Eligible counties and sponsoring cities must report on these performance measures to Commerce twice a year. Commerce must compile the performance measure information and post it on its website. Twice a year, Commerce must report to sponsoring cities, the Treasurer, and the Office of Financial Management the performance measure information addressing the state financial benefit derived from local infrastructure project areas. Commerce may adopt rules it considers necessary for the administration of the local infrastructure project areas provisions.

Appropriation: None.

Fiscal Note: Available.

Committee/Commission/Task Force Created: No.

Effective Date: Ninety days after adjournment of session in which bill is passed.

Staff Summary of Public Testimony: PRO: This bill applies to King, Pierce, and Snohomish counties. In the face of sprawl, there must be protection of rural lands, and this bill is designed to do that. This bill provides cities with a new local infrastructure financing tool that will help meet the demands for public infrastructure. This bill will promote smart growth. This bill provides an innovative approach that is needed to limit sprawl. Farm and forest land owners can realize their development value but still be able to farm their land. TDR programs have worked, but this bill will scale the TDR programs around Puget Sound. The costs of rural development is much higher than the costs of urban development on the local jurisdictions. This bill provides cities with critical infrastructure financing. This bill provides a creative idea of protecting resource lands in the rural areas and providing funding for infrastructure in the urban areas. This bill does not provide any state funding. This program will offer cities a new local financing tool to meet existing and future infrastructure needs in exchange for working together to absorb development potential through the transfer of developments rights from the surrounding natural and working landscapes. This legislation has brought together a diverse coalition to support this proposal. TDR programs are critical to ensure forestry is maintained in the Puget Sound region. This bill will create jobs, create livable communities, and protect 500,000 acres of farms and forestry.

CON: This bill will effect port districts in Seattle, Tacoma, Everett, and Edmonds. This bill authorizes tax increment financing in a somewhat complex mechanism of transferring development rights from rural lands to urban lands. It does it by capturing the increased property tax capacity of cities, counties, and port districts. Port districts align their tax revenues with their economic priorities, which tend to be job creating types of infrastructure, including transportation infrastructure.

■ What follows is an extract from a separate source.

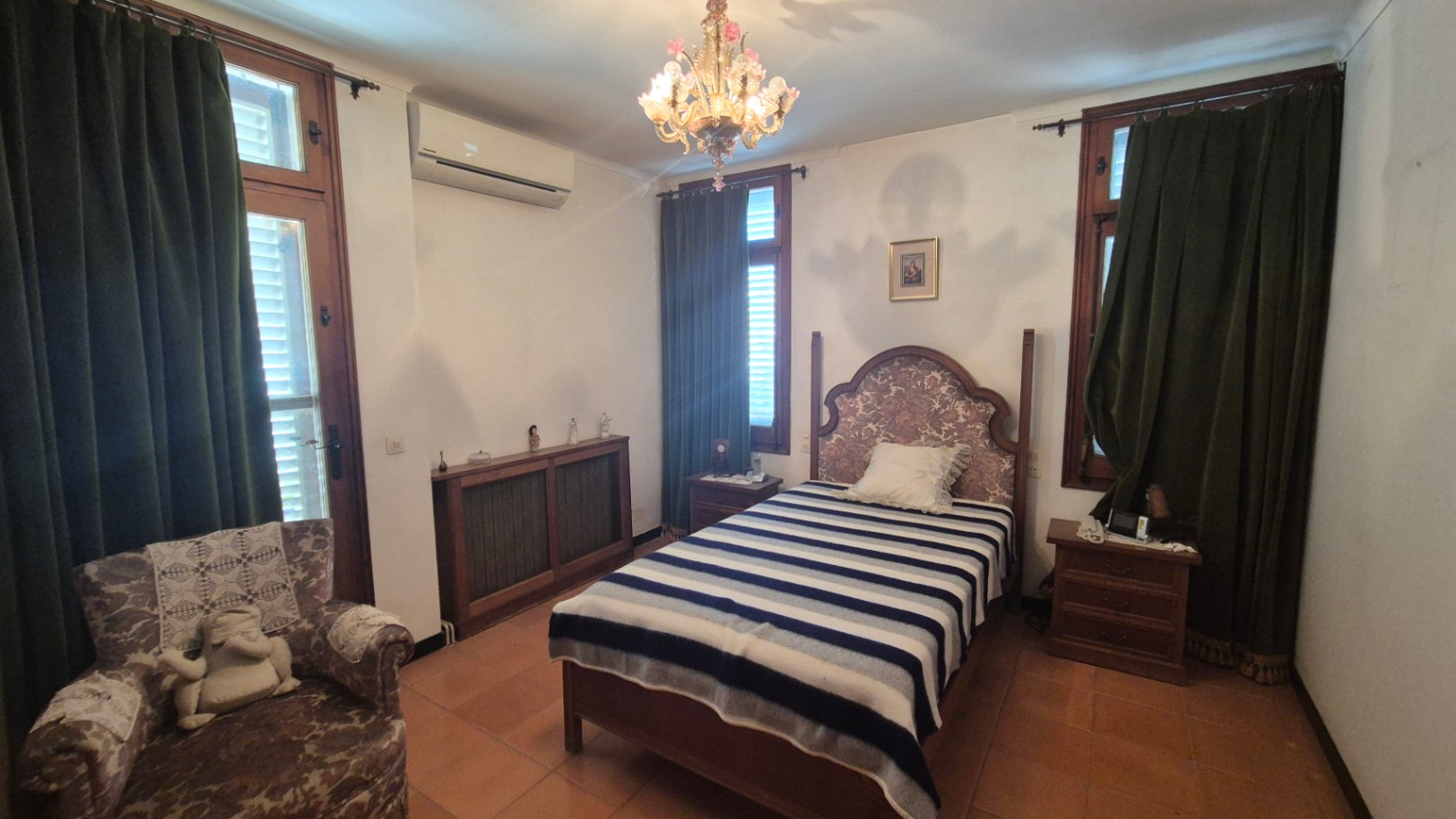 CASA EN VENTA CON GARAJE Y JARDÍN EN EL CENTRO DE PALAFRUGELL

OTHER: There is concern about gentrification with this bill. There needs to be a stronger connection between development rights and affordable housing. It is important to make sure that low income folks do not get priced out of communities that this bill would improve.

Persons Testifying: PRO: Senator White, prime sponsor; Connie Brown, Tacoma Pierce County Affordable Housing; Harry Hoffman, Housing Development Consortium of Seattle and King County; Kim Herman, House Finance Commission; April Putney, Futurewise; Dave Williams, Association of Washington Cities; Jeanette McKague, Washington Realtors; Darren Greve, King County; Mark Doumit, Washington Forest Protection Association; Gene Duvernay, Cascade Land Conservancy; Scott Hildebrand, Master Home Builders of King and Snohomish Counties.

CON: Eric Johnson, Washington Public Ports Association.

OTHER: Nick Federici, Washington Low Income Housing Alliance.